Not a sound from the pavement
Has the moon lost her memory
She is smiling alone
In the lamplight
The withered leaves collect at my feet
And the wind begins to moan
All alone in the moonlight
I can smile happy your days (I can dream of the old days)
Life was beautiful then
I remember the time I knew what happiness was
Let the memory live again
Every street lamp seems to beat
A fatalistic warning
Someone mutters and the street lamp gutters
And soon it will be morning
I must wait for the sunrise
I must think of a new life
And I mustn’t give in
When the dawn comes
Tonight will be a memory too
And a new day will begin
– Barbra Streisand –
I’ve had a great friend in school called Julia. We’ve studied together for probably 8 years. She was much smarter than me, she was beautiful and irradiated good vibrations everywhere. I guess she knew, but I had a big crush on her since I can remember, but I’ve never said anything directly about it.
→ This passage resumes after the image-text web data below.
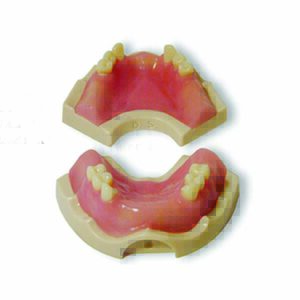 Casistica di base di protesi con supporto implantare con gengiva asportabile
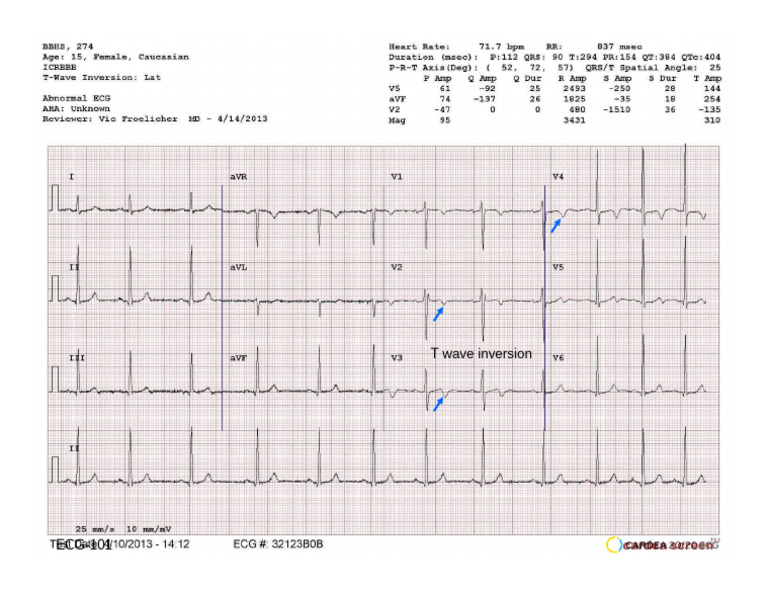 Understanding T Wave Inversion in ECG | PDF
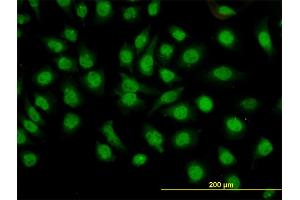 Immunofluorescence of monoclonal antibody to GMEB1 on HeLa cell.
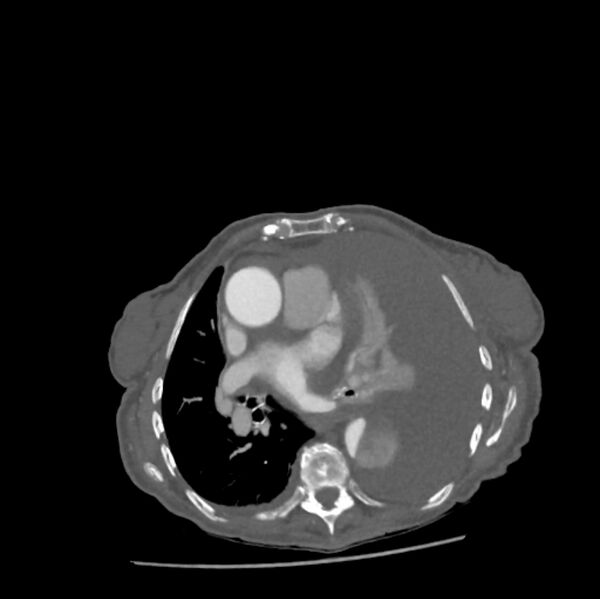 File:Aortic dissection (Radiopaedia 68763-78691 A 27).jpeg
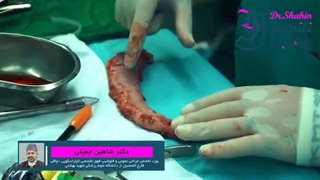 وسایل عمل جراحی چاقی که احتمالا اسمشون رو هم نشنیدی...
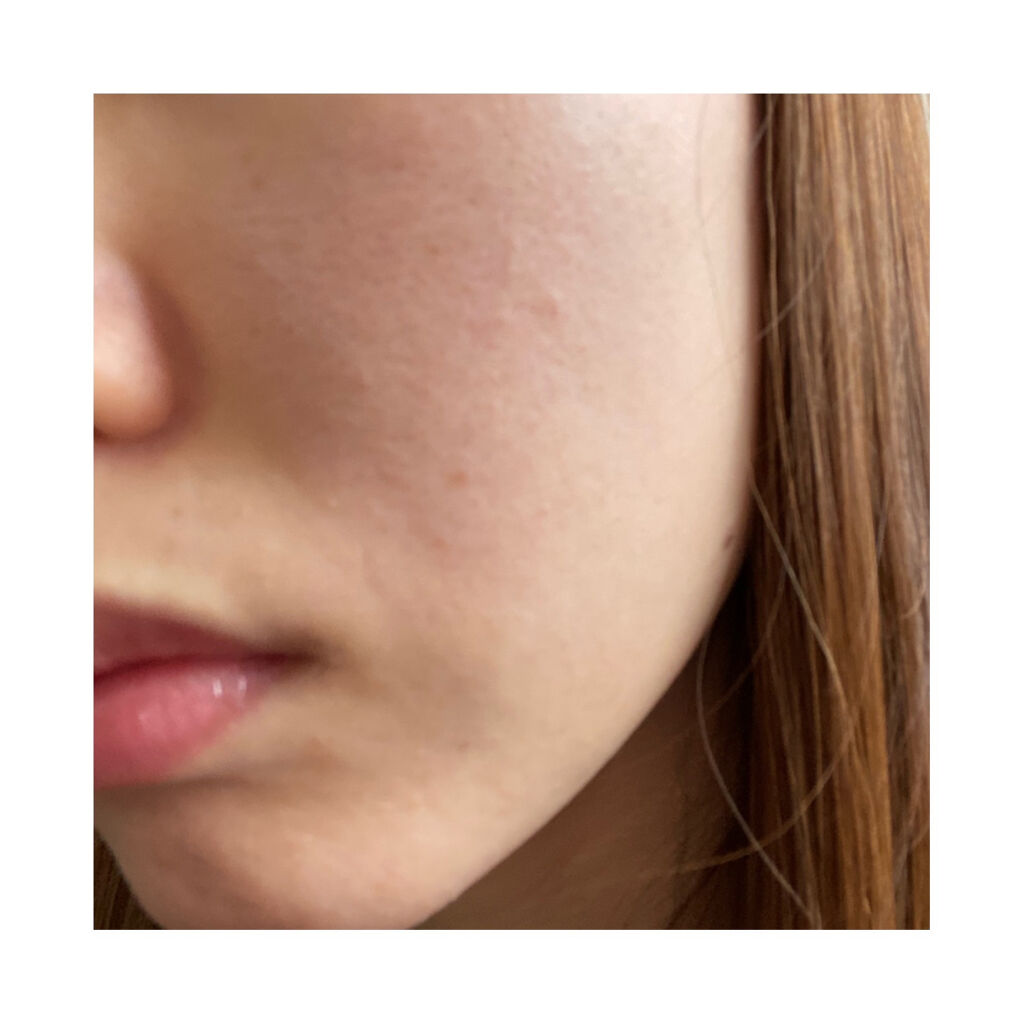 CELL CURE 4Tプラス/BELEGA/美顔器・マッサージを使ったクチコミ（1枚目）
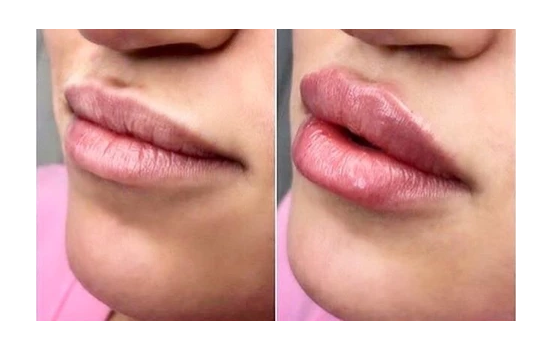 Hyaluronic Lip Injection (NeedleLESS) Training [Class in Atlanta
We were happy as teenagers (which is getting rarer nowadays) and had lots of fun and laughs. She was an extremely funny girl and could make me laugh no matter how tough my situation was at the moment. That’s something only her and Laura have been able to do in my life.
I don’t quite remember but I believe she had to be transferred to another school on high school, so we got separated. I felt the hit pretty hard; my days were gloomy, my sense of humor suddenly faded away and I became more distant and rebel.
With the advent of Facebook it got easier to find people with whom you’ve studied with and, oh God, how I’ve looked for her. Until I’ve found a group made by our classmates. What I’ve read there shocked me and brought me to my knees.
Julia and her sister had died in a car accident.
For you reader, you can’t grasp the suffocating sensation that took over my whole body. I’ve lost control and started sobbed uncontrollably. I’ve lost the second best friend in life to a tragedy. Why? Why them and not me? I’d trade places with Laura and Julia in a second if I could instead of having to live with this feeling of helplessness and misery.
Laura (if you’ve been reading my posts you know who she is by now) was by far the most important person I’ve met, but Julia was something special, she made my teenage years easy and happy no matter what. Just by looking at her my day would lighten up and it was like a new day had begun.
There’s not a single day I don’t think about Laura and I often see myself thinking about Julia and how her life was ripped apart so suddenly and so tragic, while my useless life keeps moving on.
“Memory” is the name of the song in the quotes from this post. It was one of my parents’ favorite song.
I will take it with all due respect and make it, just for today, Julia’s Theme.